It took Pitch Black little time to regain the strength he had lost in his last fight against the guardians by feeding of Amity Park's inhabitants. The people living in the small town seemed to be tormented by otherworldly beings of a kind Pitch had never once encountered before —ghosts. Each and every single time one of those specters made an apparition in the town, they would cause a massive wave of terror, but would soon be defeated by a white haired spirit which was clearly vent on protecting the human population —unknowingly ruining Pitch's feeding time, which thus came to him in the form of intermittent mouthfuls of intense, raw power.

Hadn't this white-haired "hero" been around, Pitch was sure his full recovery would have come in so much sooner. However, it wasn't the delay that bothered Pitch the most. The distinct fear that he had found in the teen was also present in the town's protector. Pitch tried to deny the implications of what he felt, but, after one night of following Danny Phantom, he saw the green-eyed soldier of goodness transform into his would-be charge and ally.

Danny Phantom was his Danny. That revelation came to him like a slap in the face.

However, despite of his anger at the turn of events, Pith didn't give up on the idea of making Danny a companion; in fact, he seemed more enamored than ever with the idea of it happening now that he knew the power the not-quite human possessed.

Not particularly interested in discovering which kind of non-human Danny was, Pitch never marveled too deeply on the fact that Danny seemed to be dead and alive at the same time, though a couple of curiosity-filled questions did pop on the back on his head. But questions could wait. For the time being he simply continued to gather power from the frightened citizens. It might not be as satisfactory to collect fear caused by other entities, but the fact that everyone in town could see ghosts —which human found to be quite terrifying— helped him gather power at too much of a fast rate to pass up the opportunity. So he stayed, enjoying his constant free meals as he thought of a plan to drown Earth in despair and bring Danny Phantom to the dark side.

Days became weeks and, in no time, late November became mid December, and the little town began to be decorated according the most popular festivity of the world —which hailed the Guardian of Wonder with a love and adoration.

The jolly atmosphere in the decorated cities all over the world radiated light and happiness, adding insult to injury to the King of Nightmares as it constantly reminded Pitch his defeat against the guardians.
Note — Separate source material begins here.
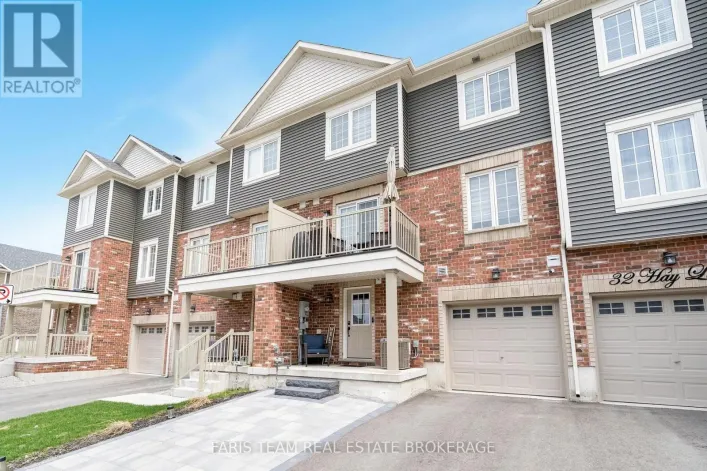 34 HAY LANE, Barrie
Had Pitch defeated the guardians of childhood, there would have been no more Easter, not Christmas, and the happy smiling children of the world would now belong to him. The only thing that brought some resemblance of peace to the number one enemy of the guardians was that certain teenager was sharing his hate and spite towards the whole cheery atmosphere —another sign that the teen belonged to the dark side with him.

Finally, a few days before Christmas, Pitch had gained so much power that he was certain he wouldn't be needing a too elaborated scheme to take on the guardians. He would simply use the same technique he had used with the Sandman's sand in the past to expunge the teenager's heroism out of him, so the darkness that sat inside of him would flow free as it should.

Turning Danny Phantom's heart bleak the way he corrupted the dream sand was an idea that came to him on accident when Pitch had been observing the ghost hero the night he first saw the white light that let Danny Phantom mimic a regular human appearances. Pitch could almost play the memory of the white-haired hero chasing around a little green puppy in the middle of a particularly cloudy night.

"Cujo, come here boy," Pitch remembered him calling the dog, which hopped cheerfully into the teen's hold. "Good doggie," the teen scratched the furry belly, making the puppy move one of his hinder legs happily.

Eventually, the ghost-boy put the dog on the ground and spoke to it like it could understand him. "Look, Cujo, I know you want to play but I don't have time for this. You have to stay at the zone." Cujo whined in return, its little black tail moving nonstop. "Fine," the teen spoke in defeat and created a glowing green ball of energy, and the dog perked and jumped out of his arms, chasing the ball the moment it left the teen's hands.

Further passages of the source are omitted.